While special events are expected to continue to be scheduled through 2022, the ramifications from the pandemic may continue to haunt the industry.
In 2020, the special events market was decimated as the entire entertainment industry shut down due to COVID-19 and insurable events disappeared. Two years later, the market continues to struggle to grasp the new reality, despite pent-up demand for live events.
“Rates are up, limits are being held back, and carriers who may be willing to offer primary limits are not as willing to offer excess limits for some events as they may have been in the past," says Scott Carroll, senior vice president and program director of Take1 Insurance. “It is becoming tougher and tougher to find multiple markets willing to participate on certain events."

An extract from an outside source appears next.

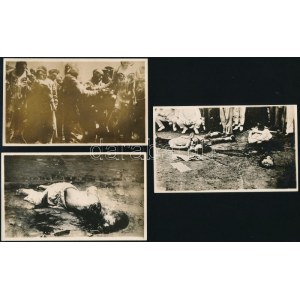 1927 Shanghai, kivégzések a zavargások alkalmával, 3 db korabeli fotókról készült korabeli másolat, 8×13 cm ...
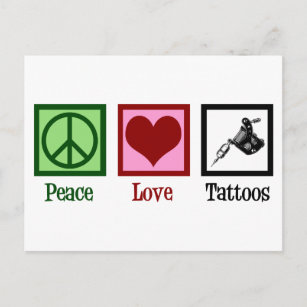 Peace Love Tattoos Cute Tattoo Artist Gun Postcard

And while events are expected to continue to be scheduled through 2022, the continuing ramifications from the pandemic, such as those that caused the recent cancellation of Adele's Las Vegas residency, may continue to haunt the industry. The singer confirmed just days before the opening night of her “Weekends with Adele" concert series at the Caesars Palace Hotel, Las Vegas, that coronavirus infections among her crew and delivery delays made it “impossible to finish the show."
Yet, while COVID-19 risks for artists, casts and crews still threaten the viability of some events, 2022 could yet be a banner year for live events if these risks can be managed effectively. Industry players, including promoters, carriers and independent agents, are continuing to use their ingenuity to find ways to manage the ever-changing risks posed by evolving COVID-19 variants.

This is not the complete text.